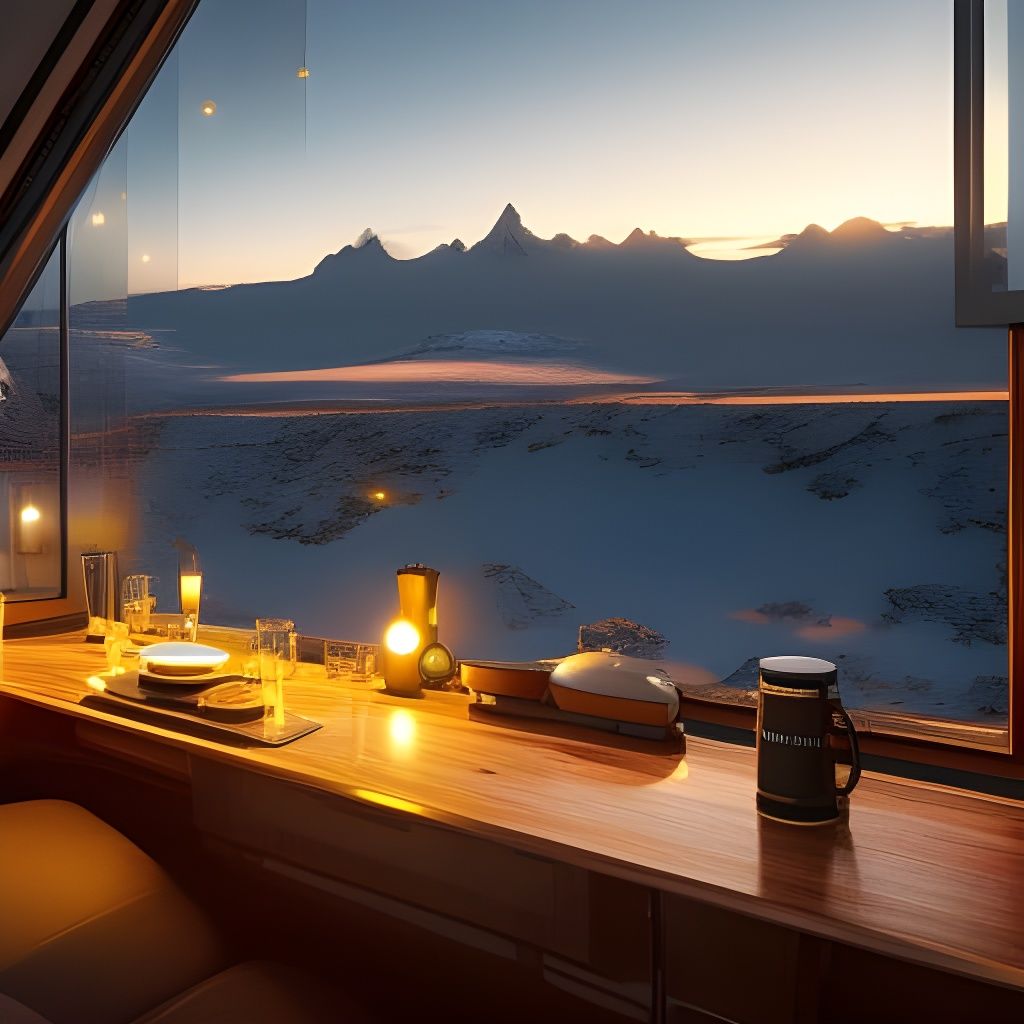 Cozy Cafe Under Starry Sky: Hyperdetailed 3D Art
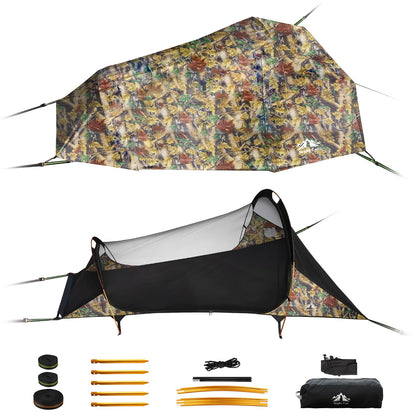 Night Cat Flat Lay Hammock Tent: Portable Lightweight Camping Hammock with Mosquito Net Waterproof Rainfly for Adults 1 Person Outdoor Camping Camouflage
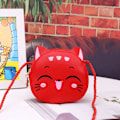 Miniatyrbillede 3 af 5: Pige-Crossbody Taske i PU Læder med Kattemotiv - Cartoon Skuldertaske, Pengepung, Satchel - Hvid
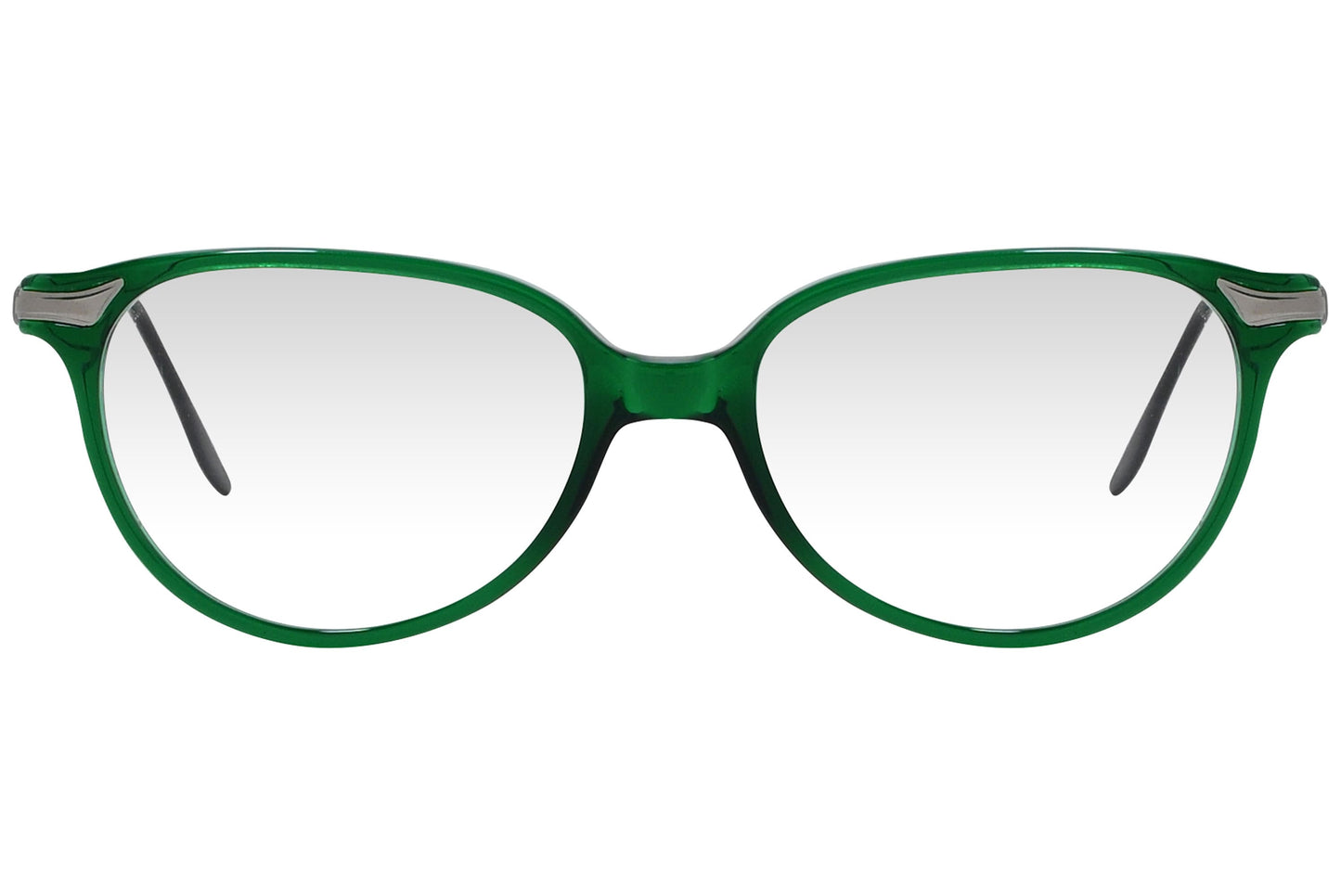 cellini oval green eyeglasses frame viewed from front angle.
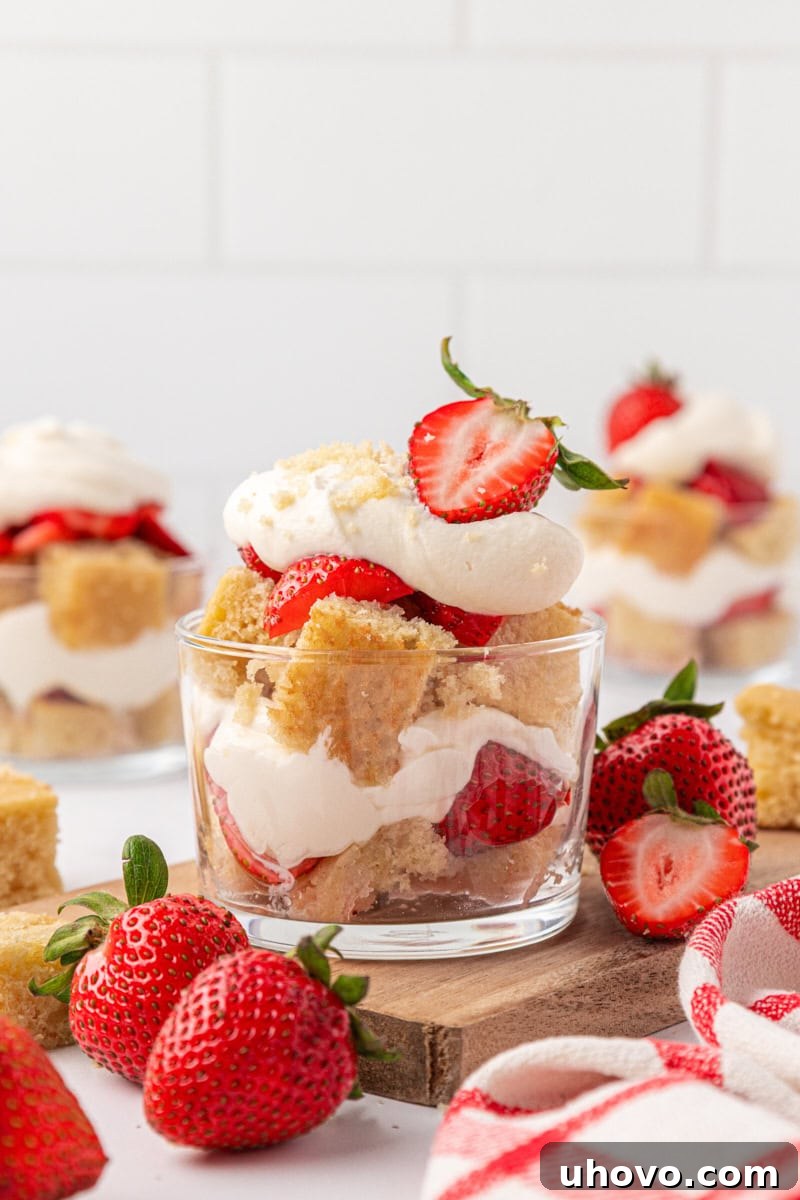 Mini Strawberry Shortcake Jars Recipe 10 strawberry shortcake jars with layers of vanilla cake, stabilized whipped cream, and macerated strawberries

What you will do:
Nothing but an exact copy belongs in the answer: the lines from the top of the records through the line containing "cellini oval green", minus the pictures.

Answer to this task:
 Cozy Cafe Under Starry Sky: Hyperdetailed 3D Art
 Night Cat Flat Lay Hammock Tent: Portable Lightweight Camping Hammock with Mosquito Net Waterproof Rainfly for Adults 1 Person Outdoor Camping Camouflage
 Miniatyrbillede 3 af 5: Pige-Crossbody Taske i PU Læder med Kattemotiv - Cartoon Skuldertaske, Pengepung, Satchel - Hvid
 cellini oval green eyeglasses frame viewed from front angle.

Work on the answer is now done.